Prison Education Programs (“PEPs”)
The Regulations establish that certain incarcerated students enrolled in qualified PEPs are eligible to receive Pell Grants. As defined in Section 600.2, a “confined or incarcerated individual” is someone serving a criminal sentence in a federal, state or local correctional facility. Eligibility to offer PEPs is limited to nonprofit institutions, and Section 600.7(c) authorizes ED to waive the existing 25% limitation on the enrollment of incarcerated individuals upon application by an institution, subject to conditions.
PEPs must meet all of the current requirements for eligible programs, including having state and accreditor approval. Under Section 668.236(a), the institution offering the PEP also must be approved to operate in the correctional facility by the “oversight agency,” which is defined in Section 668.235 as the state agency responsible for overseeing a state’s correctional facilities or the Federal Bureau of Prisons in the case of federal facilities.

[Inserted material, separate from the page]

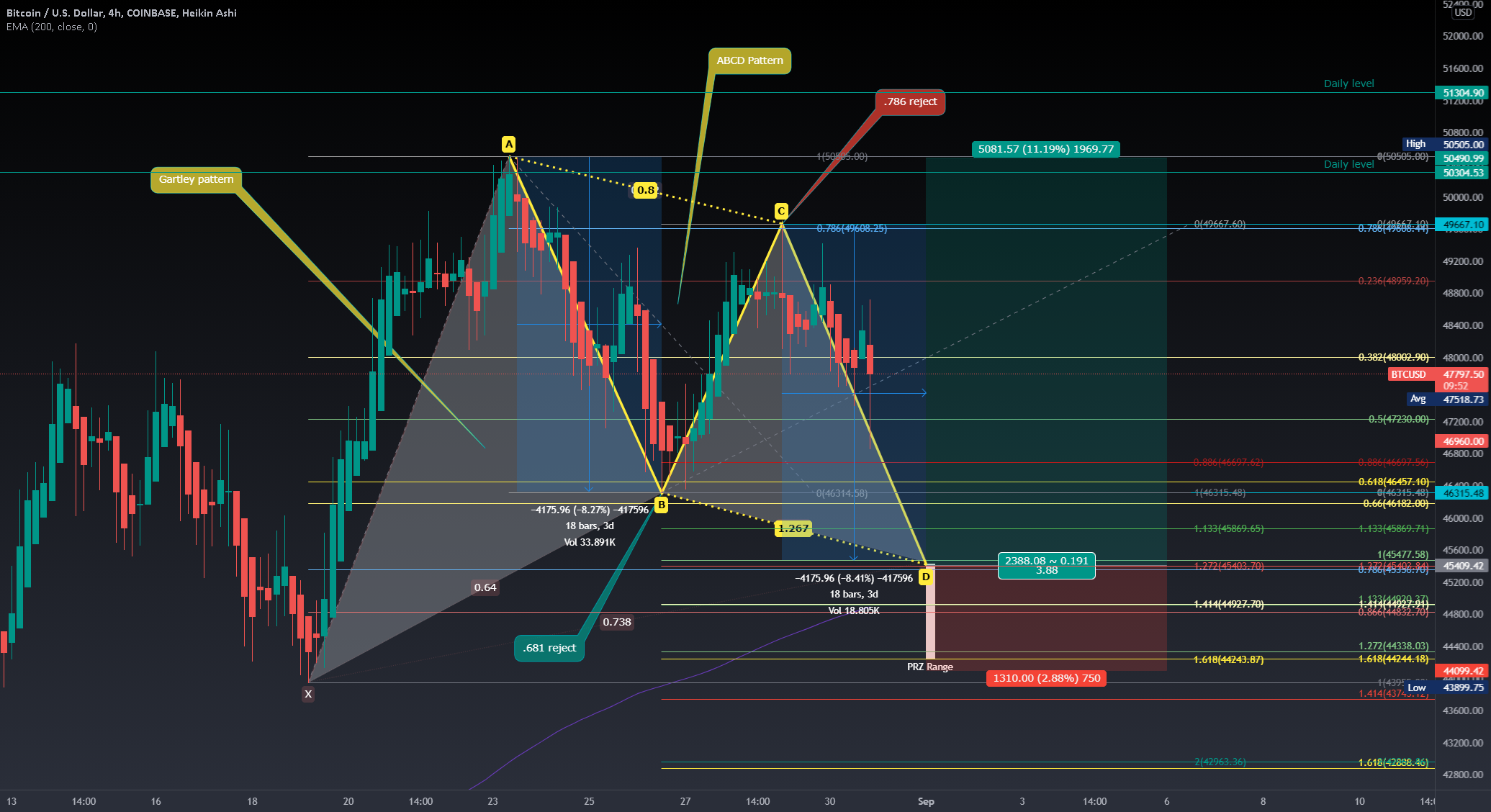 Bitcoin Gartley + ABCD Hormonic for COINBASE:BTCUSD by Chahin073 1 Bitcoin Gartley + ABCD Hormonic for COINBASE:BTCUSD by Chahin073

Section 668.236 also specifies certain operational and compliance requirements for initial and continued approval of PEPs, including a determination by the oversight agency after the PEP has been in operation for two years that the program is operating “in the best interest of students.” Section 668.241 details the requirements for the best interest determination, including assessments of faculty quality and turnover, transferability of credits, and the quality of academic and career advising services provided to incarcerated students. Other relevant considerations may include the impact on recidivism, completion and job placement rates, and post-release earnings rates.
In addition to the standard accreditor approvals for locations and programs, eligibility requires specific accreditor evaluation of an institution’s PEP programs offered at the first two correctional facilities and the first additional PEP offered by a new method of delivery. The evaluation must include a site visit within one year of the initiation of PEPs at the first two correctional facilities. Accreditors must review and approve the institution’s methodology for determining that its PEPs meet the same standards as similar programs offered by the institution that are not PEPs.
The institution also must apply for and obtain specific ED approval for the initiation of PEPs in the first two correctional facilities. Institutions offering PEPs must make regular reports in accordance with instructions that ED will announce in the Federal Register.